In trying to establish error, the claimant would need to show that not one of the medical reports relied on by the commissioner supports his finding that she reached maximum medical improvement. However, Dr. Sella’s report of November 3, 1993 specifically states that the claimant’s condition was best described by a sentence in the AMA Guides to the Evaluation of Permanent Impairment that referred to soft tissue lesions as “unoperated on, stable, with medically documented injury, pain, rigidity, associated with none or minimal degenerative changes on structural tests . . . ,” and assigned a permanent impairment for that condition. (Claimant’s Exhibit B.)
Even though Dr. Sella also refers in that same report to the claimant’s need for several more trigger point injections, at which point she would be at maximum medical improvement, he had drawn a distinction between the original compensable injuries and the claimant’s current signs of fibromyalgia. The commissioner denied the claimant’s requested correction regarding this report, which indicates that he concluded from Dr. Sella’s report that the claimant’s compensable injury had stabilized, and that her fibromyalgia was not legally significant. Such a conclusion was not impermissible or unreasonable from that evidence, and this board may not alter the commissioner’s findings on that issue. Fair, supra; Webb v. Pfizer, Inc., 14 Conn. Workers’ Comp. Rev. Op. 69, 70-71, 1859 CRB-5-93-9 (May 12, 1995). In turn, we cannot say that the commissioner acted unreasonably in failing to open the voluntary agreement.
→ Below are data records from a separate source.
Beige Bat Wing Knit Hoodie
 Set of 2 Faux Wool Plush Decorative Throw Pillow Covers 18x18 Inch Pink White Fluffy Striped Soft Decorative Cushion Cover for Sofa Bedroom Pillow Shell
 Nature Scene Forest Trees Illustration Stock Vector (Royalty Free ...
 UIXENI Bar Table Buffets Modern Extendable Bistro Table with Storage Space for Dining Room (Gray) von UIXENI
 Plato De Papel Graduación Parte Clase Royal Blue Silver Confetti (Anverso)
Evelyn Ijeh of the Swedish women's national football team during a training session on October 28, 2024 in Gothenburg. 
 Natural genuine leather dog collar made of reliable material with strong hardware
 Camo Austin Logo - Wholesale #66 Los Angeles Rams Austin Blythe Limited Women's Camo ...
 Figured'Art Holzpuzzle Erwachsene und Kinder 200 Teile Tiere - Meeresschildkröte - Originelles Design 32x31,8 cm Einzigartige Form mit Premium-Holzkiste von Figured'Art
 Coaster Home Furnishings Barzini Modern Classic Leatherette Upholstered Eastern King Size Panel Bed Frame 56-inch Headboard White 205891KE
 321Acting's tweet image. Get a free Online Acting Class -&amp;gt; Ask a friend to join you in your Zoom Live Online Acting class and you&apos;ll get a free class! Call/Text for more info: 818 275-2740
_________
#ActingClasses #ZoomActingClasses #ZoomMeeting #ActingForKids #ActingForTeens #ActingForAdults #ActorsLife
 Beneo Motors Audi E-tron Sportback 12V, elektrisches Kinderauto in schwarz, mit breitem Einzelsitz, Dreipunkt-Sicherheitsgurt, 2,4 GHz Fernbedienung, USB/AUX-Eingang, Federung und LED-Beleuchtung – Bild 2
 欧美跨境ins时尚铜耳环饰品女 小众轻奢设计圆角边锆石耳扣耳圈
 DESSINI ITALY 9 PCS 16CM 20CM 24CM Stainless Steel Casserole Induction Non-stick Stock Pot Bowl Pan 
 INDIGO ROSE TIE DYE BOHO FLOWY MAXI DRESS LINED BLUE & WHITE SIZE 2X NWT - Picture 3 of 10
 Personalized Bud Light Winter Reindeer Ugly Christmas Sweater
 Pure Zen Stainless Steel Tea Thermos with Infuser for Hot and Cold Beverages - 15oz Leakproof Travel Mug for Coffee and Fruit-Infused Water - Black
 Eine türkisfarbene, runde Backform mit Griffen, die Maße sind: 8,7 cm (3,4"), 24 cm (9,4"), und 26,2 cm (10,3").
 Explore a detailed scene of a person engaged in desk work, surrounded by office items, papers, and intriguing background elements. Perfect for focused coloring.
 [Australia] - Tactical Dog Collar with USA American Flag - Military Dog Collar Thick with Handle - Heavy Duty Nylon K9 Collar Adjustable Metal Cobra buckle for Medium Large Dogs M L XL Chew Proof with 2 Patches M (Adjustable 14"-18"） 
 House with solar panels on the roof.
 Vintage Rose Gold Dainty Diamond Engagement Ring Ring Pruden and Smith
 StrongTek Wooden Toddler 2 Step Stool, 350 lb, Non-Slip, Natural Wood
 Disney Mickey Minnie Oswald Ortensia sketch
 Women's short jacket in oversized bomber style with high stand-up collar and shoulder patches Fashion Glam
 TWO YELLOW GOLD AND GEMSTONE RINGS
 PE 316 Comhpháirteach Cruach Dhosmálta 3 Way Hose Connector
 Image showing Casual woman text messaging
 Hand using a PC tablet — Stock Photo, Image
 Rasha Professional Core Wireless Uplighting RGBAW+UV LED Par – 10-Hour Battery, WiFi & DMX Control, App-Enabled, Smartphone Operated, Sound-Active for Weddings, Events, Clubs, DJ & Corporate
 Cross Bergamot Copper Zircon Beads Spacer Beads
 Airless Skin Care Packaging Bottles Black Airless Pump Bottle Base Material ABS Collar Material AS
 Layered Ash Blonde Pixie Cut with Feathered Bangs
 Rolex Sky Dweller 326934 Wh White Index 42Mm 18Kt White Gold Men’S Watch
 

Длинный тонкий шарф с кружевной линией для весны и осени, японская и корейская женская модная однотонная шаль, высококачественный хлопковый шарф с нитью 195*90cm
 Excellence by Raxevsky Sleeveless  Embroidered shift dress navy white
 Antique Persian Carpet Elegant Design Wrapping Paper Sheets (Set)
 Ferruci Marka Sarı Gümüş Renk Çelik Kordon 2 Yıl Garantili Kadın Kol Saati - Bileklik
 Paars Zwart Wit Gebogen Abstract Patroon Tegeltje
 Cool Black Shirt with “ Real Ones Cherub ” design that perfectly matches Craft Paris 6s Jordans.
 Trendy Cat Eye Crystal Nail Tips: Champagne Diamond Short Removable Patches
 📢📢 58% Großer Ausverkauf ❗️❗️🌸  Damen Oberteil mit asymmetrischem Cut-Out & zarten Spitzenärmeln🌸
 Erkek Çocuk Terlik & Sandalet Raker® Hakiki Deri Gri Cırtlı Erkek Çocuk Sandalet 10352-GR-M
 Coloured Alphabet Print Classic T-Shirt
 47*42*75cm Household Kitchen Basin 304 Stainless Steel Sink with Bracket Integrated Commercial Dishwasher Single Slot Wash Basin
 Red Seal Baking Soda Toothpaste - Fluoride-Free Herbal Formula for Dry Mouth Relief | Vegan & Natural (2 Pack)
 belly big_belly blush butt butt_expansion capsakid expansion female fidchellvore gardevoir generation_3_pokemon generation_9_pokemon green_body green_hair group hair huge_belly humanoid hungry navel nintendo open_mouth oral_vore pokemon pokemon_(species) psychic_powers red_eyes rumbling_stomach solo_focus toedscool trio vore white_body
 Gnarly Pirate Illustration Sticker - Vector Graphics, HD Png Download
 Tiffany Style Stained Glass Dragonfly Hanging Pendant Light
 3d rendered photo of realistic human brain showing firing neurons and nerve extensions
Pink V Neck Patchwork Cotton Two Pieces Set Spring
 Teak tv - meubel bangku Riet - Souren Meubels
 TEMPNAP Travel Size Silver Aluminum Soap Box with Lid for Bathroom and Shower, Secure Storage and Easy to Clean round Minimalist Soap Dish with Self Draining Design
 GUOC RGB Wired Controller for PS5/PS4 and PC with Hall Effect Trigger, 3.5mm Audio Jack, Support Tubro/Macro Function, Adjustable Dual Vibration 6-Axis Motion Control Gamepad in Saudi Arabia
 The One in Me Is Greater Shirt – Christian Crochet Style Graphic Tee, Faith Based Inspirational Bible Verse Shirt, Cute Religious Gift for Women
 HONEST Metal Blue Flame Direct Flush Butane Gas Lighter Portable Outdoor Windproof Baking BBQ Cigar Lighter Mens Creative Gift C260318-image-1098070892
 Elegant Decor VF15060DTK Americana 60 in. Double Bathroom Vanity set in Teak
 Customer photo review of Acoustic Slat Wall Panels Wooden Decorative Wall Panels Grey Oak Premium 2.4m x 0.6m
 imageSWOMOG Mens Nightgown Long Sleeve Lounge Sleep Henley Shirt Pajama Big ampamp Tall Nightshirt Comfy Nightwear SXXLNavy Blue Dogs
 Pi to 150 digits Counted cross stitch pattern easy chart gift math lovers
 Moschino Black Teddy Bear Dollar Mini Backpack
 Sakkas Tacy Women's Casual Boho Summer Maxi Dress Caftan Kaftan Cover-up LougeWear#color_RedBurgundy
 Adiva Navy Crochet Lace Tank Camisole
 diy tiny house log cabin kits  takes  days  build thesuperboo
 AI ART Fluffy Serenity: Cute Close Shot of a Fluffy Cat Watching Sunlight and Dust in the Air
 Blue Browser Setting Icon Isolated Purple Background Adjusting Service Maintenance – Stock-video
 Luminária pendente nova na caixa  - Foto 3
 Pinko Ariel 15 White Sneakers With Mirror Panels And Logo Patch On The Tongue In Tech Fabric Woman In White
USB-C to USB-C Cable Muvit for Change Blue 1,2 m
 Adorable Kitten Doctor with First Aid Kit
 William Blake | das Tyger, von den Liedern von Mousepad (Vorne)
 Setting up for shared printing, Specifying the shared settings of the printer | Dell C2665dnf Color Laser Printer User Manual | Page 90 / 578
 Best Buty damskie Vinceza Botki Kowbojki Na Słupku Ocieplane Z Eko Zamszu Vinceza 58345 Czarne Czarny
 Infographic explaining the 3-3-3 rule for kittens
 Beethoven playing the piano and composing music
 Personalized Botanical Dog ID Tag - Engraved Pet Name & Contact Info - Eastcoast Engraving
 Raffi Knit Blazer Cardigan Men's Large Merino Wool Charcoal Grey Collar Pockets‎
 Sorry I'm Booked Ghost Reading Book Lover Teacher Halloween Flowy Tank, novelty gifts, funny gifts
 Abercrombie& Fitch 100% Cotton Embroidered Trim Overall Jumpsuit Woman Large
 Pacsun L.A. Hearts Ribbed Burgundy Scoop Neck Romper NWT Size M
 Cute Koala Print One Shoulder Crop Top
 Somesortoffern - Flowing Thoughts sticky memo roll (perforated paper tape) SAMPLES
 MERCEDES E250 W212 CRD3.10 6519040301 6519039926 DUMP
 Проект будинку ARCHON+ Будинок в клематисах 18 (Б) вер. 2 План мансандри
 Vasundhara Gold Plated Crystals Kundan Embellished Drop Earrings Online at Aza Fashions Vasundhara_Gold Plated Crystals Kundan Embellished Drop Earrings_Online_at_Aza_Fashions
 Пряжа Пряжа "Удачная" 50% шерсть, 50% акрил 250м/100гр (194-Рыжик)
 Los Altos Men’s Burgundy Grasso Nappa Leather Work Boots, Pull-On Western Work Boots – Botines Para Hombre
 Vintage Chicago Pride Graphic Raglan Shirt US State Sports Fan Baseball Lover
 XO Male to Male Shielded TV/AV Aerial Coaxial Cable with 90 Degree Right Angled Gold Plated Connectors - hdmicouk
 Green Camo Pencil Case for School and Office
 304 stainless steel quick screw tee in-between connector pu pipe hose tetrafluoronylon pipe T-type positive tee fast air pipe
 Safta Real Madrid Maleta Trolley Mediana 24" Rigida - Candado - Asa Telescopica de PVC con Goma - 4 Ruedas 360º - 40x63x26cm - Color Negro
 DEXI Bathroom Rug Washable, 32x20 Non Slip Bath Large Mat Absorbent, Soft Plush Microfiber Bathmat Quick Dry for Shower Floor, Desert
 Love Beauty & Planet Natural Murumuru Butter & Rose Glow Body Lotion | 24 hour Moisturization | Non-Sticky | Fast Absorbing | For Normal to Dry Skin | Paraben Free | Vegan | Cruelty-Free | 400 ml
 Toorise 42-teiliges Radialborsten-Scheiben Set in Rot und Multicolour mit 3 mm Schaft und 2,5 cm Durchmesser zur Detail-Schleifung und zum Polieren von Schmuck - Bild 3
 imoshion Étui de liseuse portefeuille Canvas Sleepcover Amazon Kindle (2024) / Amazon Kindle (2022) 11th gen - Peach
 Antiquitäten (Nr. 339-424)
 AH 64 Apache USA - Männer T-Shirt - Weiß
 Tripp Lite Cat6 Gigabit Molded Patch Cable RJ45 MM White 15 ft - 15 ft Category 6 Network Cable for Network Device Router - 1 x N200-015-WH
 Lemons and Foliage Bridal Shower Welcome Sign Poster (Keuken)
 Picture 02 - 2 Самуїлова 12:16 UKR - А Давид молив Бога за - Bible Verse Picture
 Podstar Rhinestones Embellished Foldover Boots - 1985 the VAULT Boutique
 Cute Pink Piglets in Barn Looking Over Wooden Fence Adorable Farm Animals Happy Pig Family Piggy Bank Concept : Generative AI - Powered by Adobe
The claimant also argues that the commissioner erred in determining that her base compensation rate of $333.33 was correct. She provides little explanation for this contention, simply claiming that her rate should have been modified to reflect her salary at the time of injury, which was $741 per week. As the respondents point out in their brief, however, the amount of money that the claimant is currently earning as a part-time secretary is not the only possible evidence of her earning capacity under § 31-308a, even if it is acceptable evidence of that figure. See Genovesi v. Choice Designs, Inc., 13 Conn. Workers’ Comp. Rev. Op. 218, 221, 1745 CRB-5-93-6 (April 12, 1995). Without some concrete evidence that the commissioner relied on an erroneous figure, we have no basis on which to question his decision not to recalculate the claimant’s compensation rate.
Finally, the claimant requests that this board order the respondents to pay for several treatments ordered by Dr. Murphy. There is no dispute that this issue has not yet been discussed at an informal or formal hearing. Therefore, it is not yet ripe for review.
The trial commissioner’s decision is affirmed.
Commissioners George A. Waldron and Robin L. Wilson concur.